Valérie (1803)
Librairie des bibliophiles (p. 26-29).

LETTRE VII

Blude, le 20 avril.

Je suis bien sûr, mon ami, que la crainte seule d’aimer celle que je n’ose nommer (car je dois la respecter trop pour associer son nom à une idée qui m’est défendue) m’a fait croire… Je ne sais t’exprimer ce que je sens, cela doit être obscur pour toi ; voici quelque chose de plus clair. Ce soir, arrivant dans un village d’Autriche et trouvant qu’il étoit plus tard qu’on ne pensoit, le comte s’est décidé à passer la nuit dans cet endroit. On a dressé le lit de Valérie, et, pendant qu’on arrangeoit son appartement, nous sommes tous passés dans une jolie salle qu’on venoit de peindre et d’approprier avec assez d’élégance. Il y avoit là quelques mineurs qui jouoient des valses. Tu sais combien on cultive la musique en Allemagne. Quelques jeunes filles qui étoient venues voir l’hôtesse valsoient ; elles étoient presque toutes jolies, et nous nous amusions à voir leur gaieté et leur petite coquetterie villageoise. Valérie, avec sa vivacité ordinaire, a appelé ses deux femmes de chambre ; elle vouloit aussi leur donner le plaisir de la danse. Bientôt le bal a cessé, les musiciens seuls sont restés. Le comte est venu prendre Valérie et l’a fait valser, quoiqu’elle s’en défendît, ayant une espèce d’éloignement pour cette danse que sa mère n’aimoit pas.

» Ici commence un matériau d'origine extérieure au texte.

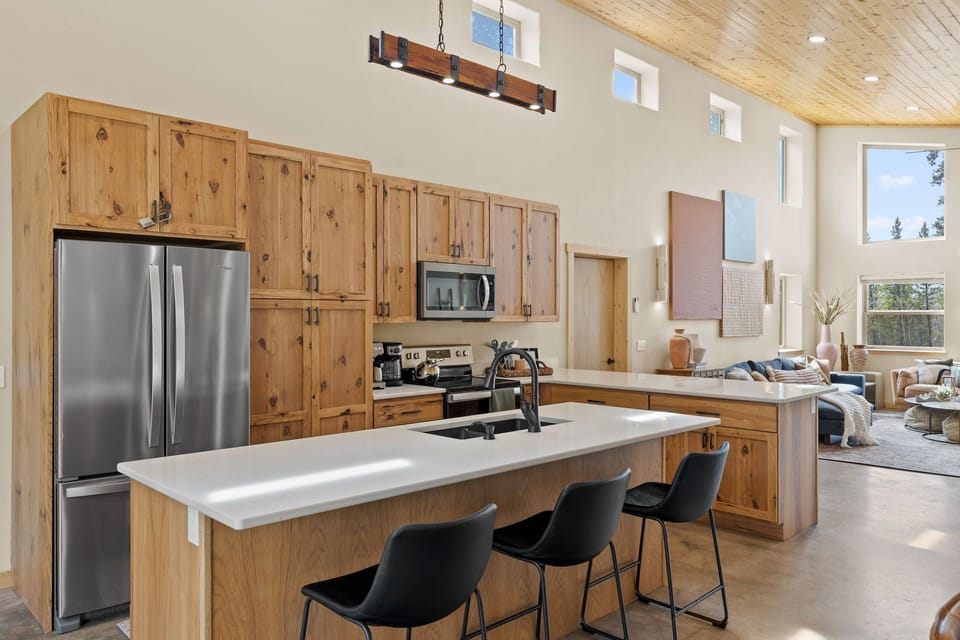 Large kitchen with 6 stools and 2 islands, open to living + dining areas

Quand il eut fait deux ou trois fois le tour de la salle, il s’arrêta devant moi. « Je serai spectateur à mon tour, a-t-il dit, Gustave, Valérie vous permet de finir la danse avec elle. » Mon cœur a battu avec violence ; j’ai tremblé comme un criminel ; j’ai hésité longtemps si j’oserois passer mon bras autour de sa taille. Elle a souri de ma gaucherie. J’ai frémi de bonheur et de crainte ; ce dernier sentiment est resté dans mon cœur, il m’a persécuté jusqu’à ce que j’aie été complètement rassuré. Voici comment je suis devenu plus tranquille.

La soirée étoit si belle que le comte nous a proposé une promenade. Il avoit donné le bras à Valérie, je marchois à côté de lui ; il faisoit assez sombre, les étoiles seules nous éclairoient. La conversation se ressent toujours des impressions que reçoit l’imagination ; la nôtre est devenue sérieuse et même mélancolique comme la nuit qui nous environnoit. Nous avons parlé de mon père ; nous nous sommes rappelé, le comte et moi, plusieurs traits de sa vie qui mériteroient d’être publiés pour faire l’admiration de tous ceux qui savent sentir et aimer le beau. Nous avons mêlé nos tristes et profonds regrets, et parlé de cette belle espérance que l’Être suprême laissa surtout à la douleur : car ceux-là seuls qui ont beaucoup perdu savent combien l’homme a besoin d’espérer. À mesure que le comte parloit, je sentois mon affection pour lui s’augmenter de toute sa tendresse pour mon père. « Quelle douce immortalité, pensois-je, que celle qui commence déjà ici-bas dans le cœur de ceux qui nous regrettent ! »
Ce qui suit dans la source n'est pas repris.